**DATA FOR THIS TASK**

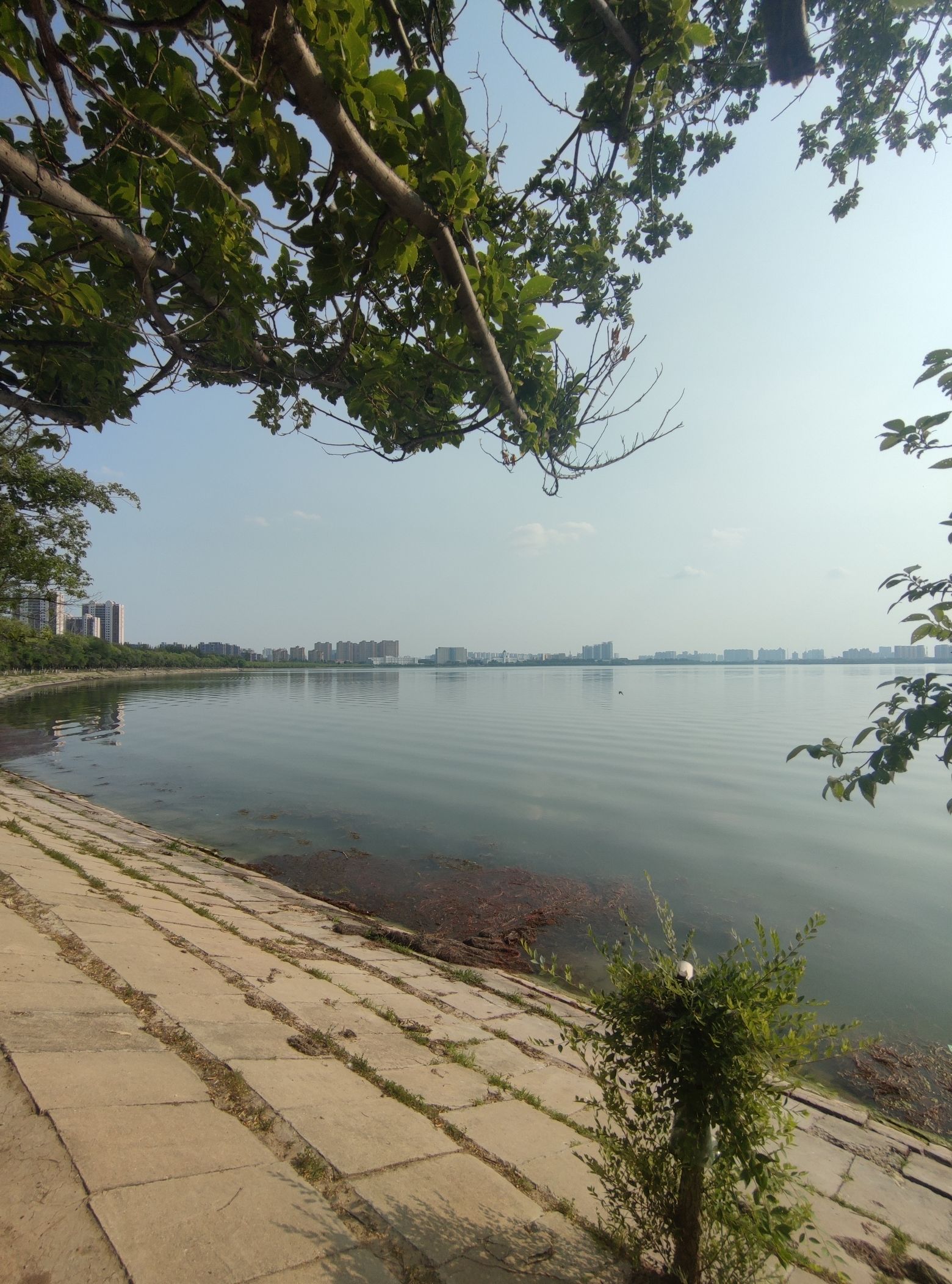 滨洲湖旅行图片 2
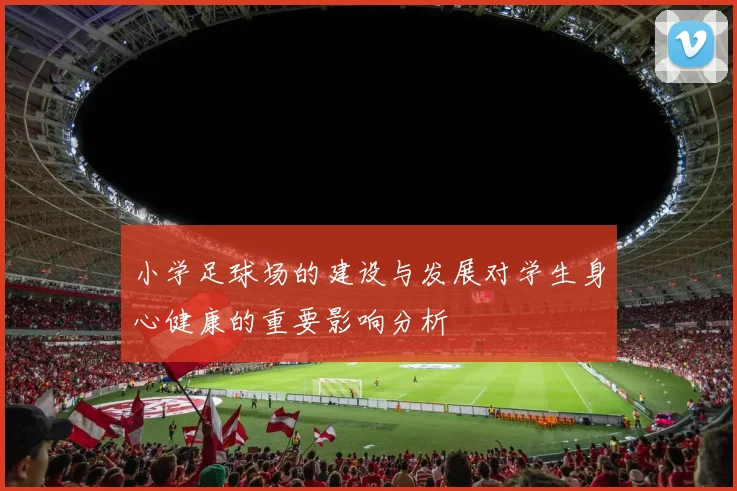 小学足球场的建设与发展对学生身心健康的重要影响分析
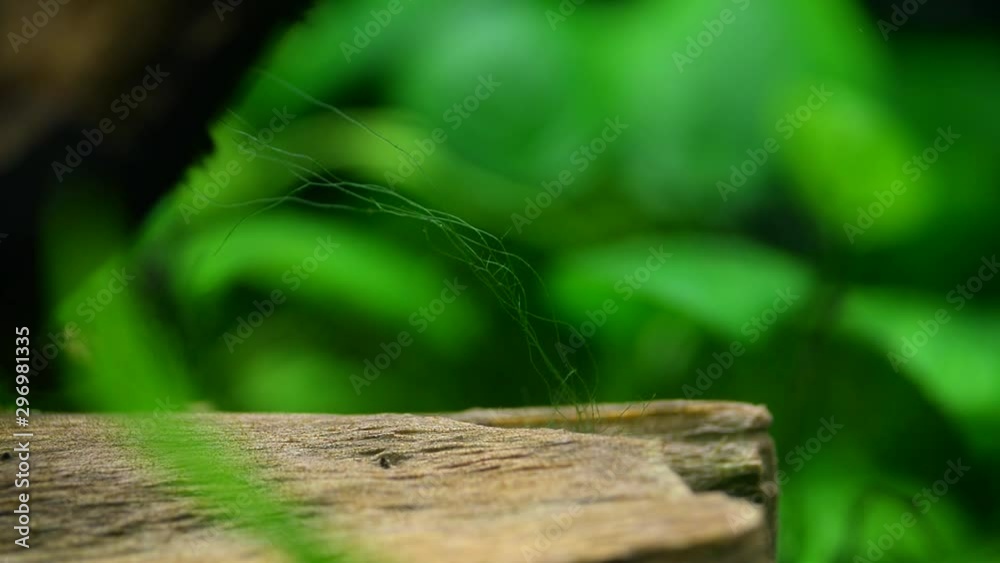 Background: driftwood with algae in an aquarium with macro bubbles Background: driftwood with algae in an aquarium with macro bubbles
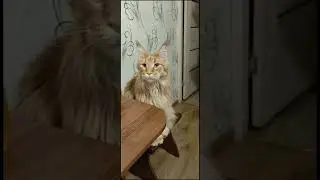 еду за солярой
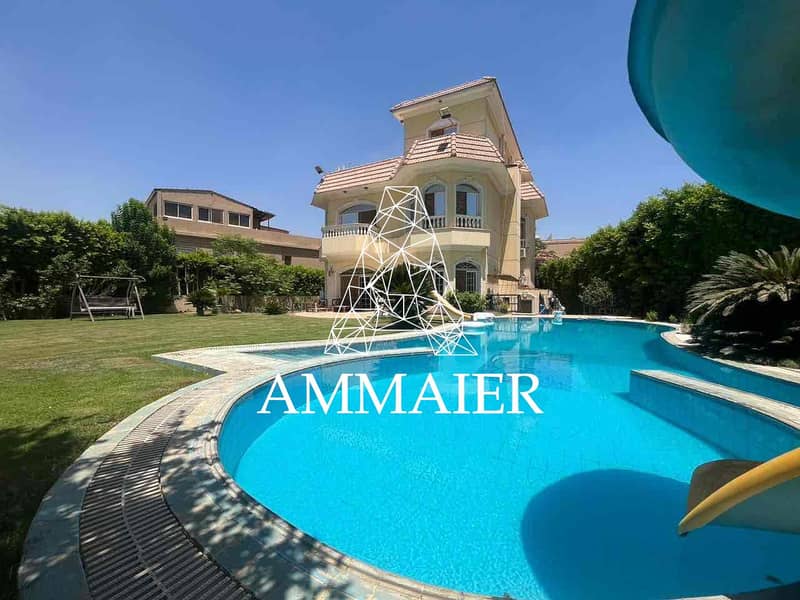 ec941048-78f2-4328-be9d-ea383b257899. jpg ec941048-78f2-4328-be9d-ea383b257899. jpg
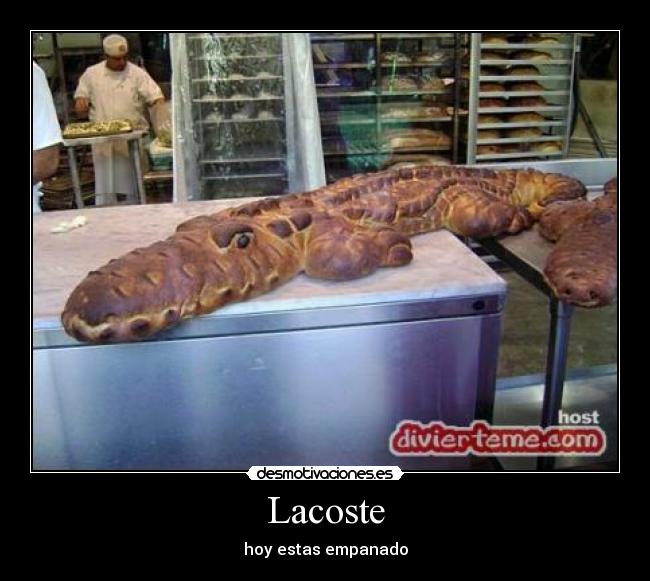 Lacoste - hoy estas empanado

**TASK REQUIREMENTS**
Print the listing exactly, minus any pictures.

**YOUR SOLUTION**
 滨洲湖旅行图片 2
 小学足球场的建设与发展对学生身心健康的重要影响分析
 Background: driftwood with algae in an aquarium with macro bubbles Background: driftwood with algae in an aquarium with macro bubbles
 еду за солярой
 ec941048-78f2-4328-be9d-ea383b257899. jpg ec941048-78f2-4328-be9d-ea383b257899. jpg
 Lacoste - hoy estas empanado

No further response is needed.